Electrical submersible pumps can be operated with a "stinger" or "tailpipe" attached to the inlet of the pump. The tailpipe allows fluid intake at a distance below the pump. An example of such well equipment is described in the article "An Overview of Horizontal Well Completion Technology," by R. E. Cooper et al, SPE Paper No. 17582, presented in November, 1988. Tail pipes are often attached below packers in a well. An electrical submersible pump can be connected to the tail pipe at the packer.
There is a severe limitation to methods which require placement of packers in deviated wells. Even if the packer is designed to be movable or retrievable, there is always the risk that the packer will become stuck and require very expensive retrieval operations or loss of the well. Also, the depth of the pumping equipment in the well cannot normally be changed without the extra expense of retrieving the packer.
All systems proposed in the past for pumping horizontal wells which produce gas along with the liquid add significantly to the cost of the well or the cost of operating the well. There is a great need for a system for pumping a horizontal well without the addition of expensive drilling or completion steps, which allows simple variations of pumping intake location as conditions in the well change, and which alleviates or eliminates the slugging flow problem that is detrimental to the pumping process.
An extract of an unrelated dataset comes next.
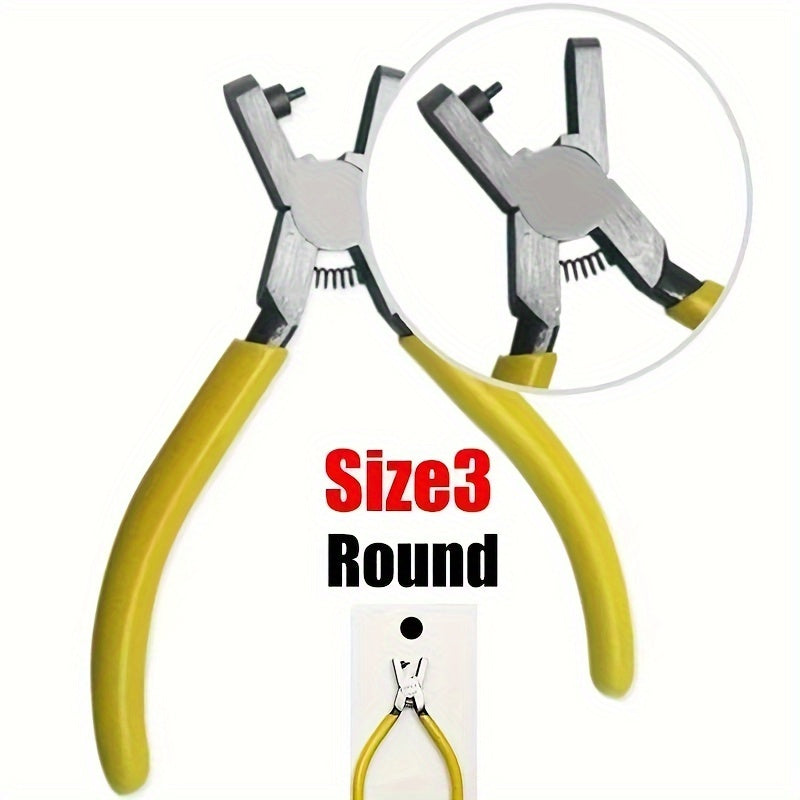 Universal Leather Hole Punch Plier 2.0mm – Hand Strap Wrist Belt Puncher for Watch Bands, Thin Belts, Dog Collars, Shoes and Craft Projects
A system is provided that is low risk for pumping a horizontal well with an electrical submersible or other type of pump that is located remote to the distal end of the horizontal well. A length of tubing (dip tube), preferably closed at the distal end and containing fluid entry ports, is placed in the deviated portion of the well. A shear joint may be placed at the top of the dip tube. A swage is used to attach the shear joint or dip tube to a shroud or a length of liner which contains the pump. In one embodiment of the invention, the shroud is supported in the well by tubing extending to the surface and the shroud contains an electrical submersible pump. Gas-liquid separation occurs in the annulus outside the dip tube and at the entrance to the perforations in the dip tube. In another embodiment, the shroud contains a vent hole or holes near the top of the shroud, the shroud being supported in the well by tubing, and a seal is present between the vent holes and the intake port of a rotary gas separator attached to the pump. In a third embodiment the shroud is open at the top and is supported by the casing through use of a liner hanger.
In all embodiments in which the shroud is supported by tubing, a shroud-hanger having sufficient strength to support the shroud and the dip tube is attached at the bottom of the tubing to be placed in the well. In all embodiments, the dip tube is generally run into the horizontal well to a position as close to the distal end as practical, which allows fluid entry to the pump from near the end of the well and eliminates or substantially decreases the slugs of gas which cause problems in pumping the well. The pump may be placed in the vertical, tangent, or horizontal section of the well, but preferably is placed in a section of the hole having a dogleg severity of less than 1 degree per 100 feet to avoid flexure of the pump shaft during operation.
FIG. 1 is a longitudinal sectional view illustrating the gas-liquid separator apparatus in accordance with a first embodiment of the invention in which a shroud having a vent and containing a gas separator and pump is supported in the well by tubing.
FIG. 2 is a longitudinal sectional view illustrating the gas-liquid separator apparatus in accordance with a second embodiment of the invention in which a shroud containing a pump is supported in the well by tubing.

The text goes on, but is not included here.